Marseille : une nouvelle "marche de la colère" après les effondrements d'immeubles

Les manifestants demandent des comptes aux élus marseillais, dix jours après l'effondrement d'immeubles vétustes qui a fait huit morts.

Des manifestants défilent à Marseille, le 14 novembre 2018, dix jours après l\'effondrement meurtrier d\'un immeuble dans le quartier de Noailles.
Des manifestants défilent à Marseille, le 14 novembre 2018, dix jours après l'effondrement meurtrier d'un immeuble dans le quartier de Noailles. (FRANCEINFO)

Dix jours après l'effondrement d'immeubles délabrés qui a fait huit morts à Noailles, quartier du cœur populaire de Marseille, des centaines de manifestants "en colère" ont défilé mercredi 14 novembre entre la rue d'Aubagne, où a eu lieu le drame, et l'hôtel de ville.
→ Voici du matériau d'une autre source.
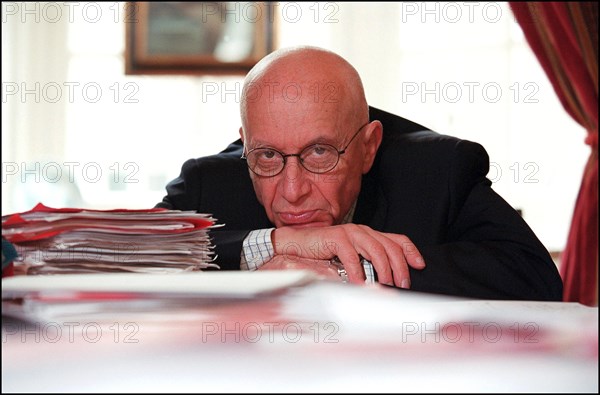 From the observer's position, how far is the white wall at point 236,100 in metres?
3.85

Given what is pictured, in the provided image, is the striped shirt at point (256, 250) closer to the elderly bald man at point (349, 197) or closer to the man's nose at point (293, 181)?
the elderly bald man at point (349, 197)

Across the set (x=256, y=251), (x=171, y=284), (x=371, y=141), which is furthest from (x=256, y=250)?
(x=171, y=284)

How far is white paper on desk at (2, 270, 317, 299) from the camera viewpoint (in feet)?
1.49

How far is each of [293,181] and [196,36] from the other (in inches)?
112

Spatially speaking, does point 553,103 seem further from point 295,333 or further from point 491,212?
point 295,333

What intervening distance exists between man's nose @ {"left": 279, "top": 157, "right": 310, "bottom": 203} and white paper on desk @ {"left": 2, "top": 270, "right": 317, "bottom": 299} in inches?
34.5

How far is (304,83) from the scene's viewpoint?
1.44 m

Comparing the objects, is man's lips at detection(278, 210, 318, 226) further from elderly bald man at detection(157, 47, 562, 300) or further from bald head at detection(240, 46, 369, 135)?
bald head at detection(240, 46, 369, 135)

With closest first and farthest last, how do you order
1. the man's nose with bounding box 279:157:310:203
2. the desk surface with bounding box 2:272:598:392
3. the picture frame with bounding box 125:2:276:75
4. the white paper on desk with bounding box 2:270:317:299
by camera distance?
the desk surface with bounding box 2:272:598:392
the white paper on desk with bounding box 2:270:317:299
the man's nose with bounding box 279:157:310:203
the picture frame with bounding box 125:2:276:75

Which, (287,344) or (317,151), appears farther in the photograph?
(317,151)

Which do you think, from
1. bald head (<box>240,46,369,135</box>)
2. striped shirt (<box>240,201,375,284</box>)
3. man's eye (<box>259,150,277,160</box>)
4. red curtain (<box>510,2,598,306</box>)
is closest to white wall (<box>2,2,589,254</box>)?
red curtain (<box>510,2,598,306</box>)

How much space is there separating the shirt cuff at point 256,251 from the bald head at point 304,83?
0.27 m

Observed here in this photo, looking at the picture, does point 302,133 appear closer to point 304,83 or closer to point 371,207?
point 304,83

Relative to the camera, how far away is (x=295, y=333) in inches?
15.9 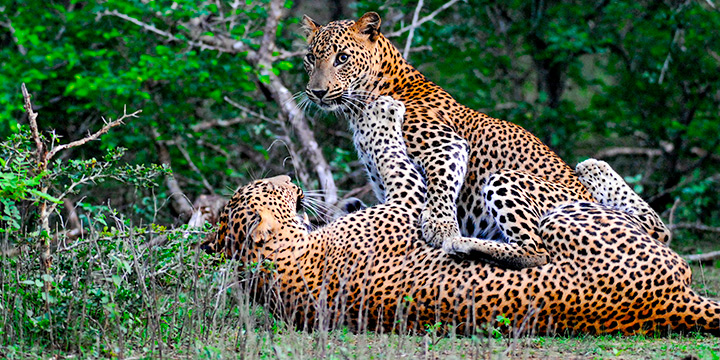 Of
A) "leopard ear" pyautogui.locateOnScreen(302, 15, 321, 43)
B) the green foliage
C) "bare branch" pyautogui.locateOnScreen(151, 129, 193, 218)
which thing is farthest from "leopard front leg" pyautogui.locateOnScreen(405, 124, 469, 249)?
"bare branch" pyautogui.locateOnScreen(151, 129, 193, 218)

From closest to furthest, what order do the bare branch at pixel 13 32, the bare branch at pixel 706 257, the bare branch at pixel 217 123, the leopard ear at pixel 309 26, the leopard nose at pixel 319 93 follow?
the leopard nose at pixel 319 93 → the leopard ear at pixel 309 26 → the bare branch at pixel 706 257 → the bare branch at pixel 13 32 → the bare branch at pixel 217 123

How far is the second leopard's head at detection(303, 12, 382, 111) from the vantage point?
23.5 ft

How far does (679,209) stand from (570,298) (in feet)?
24.4

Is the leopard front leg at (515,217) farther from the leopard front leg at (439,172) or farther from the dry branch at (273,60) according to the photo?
the dry branch at (273,60)

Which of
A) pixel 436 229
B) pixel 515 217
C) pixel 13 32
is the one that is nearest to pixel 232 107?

Au départ de la marche, les manifestants brandissaient des pancartes sur lesquelles étaient inscrits des messages comme "Sang sur les mains, menottes aux poignets" ou "Elus, responsables, que la justice passe". Ils se sont réunis à l'appel d'un "Collectif du 5 novembre", date de l'effondrement des immeubles.

Jean-Claude Gaudin visé par les manifestants

Au slogan de "Gaudin assassin", les manifestants ont commencé à descendre la rue d'Aubagne vers l'hôtel de ville, sur le Vieux Port, en brandissant les portraits de plusieurs des huit victimes du drame, cinq hommes et trois femmes. Très critiqué depuis le drame, le maire de Marseille, Jean-Claude Gaudin, aux commandes de la ville depuis 1995, avait pour la première fois reconnu dimanche n'avoir "pas assez fait" pour lutter contre l'habitat insalubre, au lendemain d'une "marche blanche" qui avait rassemblé des milliers de Marseillais appelant à sa démission.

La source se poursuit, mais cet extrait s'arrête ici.